The case involved the logistics company’s foreign client which claimed it had made advance payment for a service into an overseas account as was ‘requested by the transporter itself’. The said communication was investigated and it revealed that the e-mail account of the company had been compromised and the money transferred to an account overseas as suspected. But the perpetrators are still far from being brought to book and the money still a long way from being repatriated.
According to one report, the number of MitM cases rose from 19 in 2015 to 26 in 2016, which was a 37 per cent per cent rise. And if the victims in the cases cumulatively lost Rs4.33 crore in 2015, the corresponding losses in 2016 were Rs14.54 crore. That is a huge threat facing victims.
Examples of countries such as Kenya are being cited in support of the move to digitise transactions. The African nation, which is less banked and is less advanced technologically, conducts 50-60 per cent of its financial transactions over mobile phones. It is hoped that India, too, would witness an exponential growth in cashless economy once telecom majors fall in to support digital banking.

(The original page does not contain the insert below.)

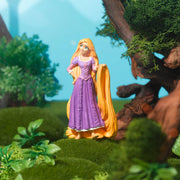 Tonies Disney Princess - Tangled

The UIDAI is promoting Aadhaar-Enabled Payment System (AEPS), which relies on fingerprinting technology. Officials of the authority, such as its CEO AB Pandey, aver that AEPS is much more secure than any other digital mode of transaction, both in terms of technology and process. According to Pandey, biometric data gets encrypted and leaves little scope for misuse.
It must be noted that criminals have constantly found newer ways to beat systems put in place and there is no guarantee that all would be safe in the less-cash economy. Diligent spadework is essential before the government promotes digital transactions. It is better to be safe than sorry.
The experience the US has had with Edward Snowden and US presidential elections have laid bare the perils of heavy dependence on the internet. US citizens are now seriously considering less usage of the internet in critical spheres of governance and communication. India, too, must not blindly follow the path of digitisation and take ample precautions before going ahead with the process.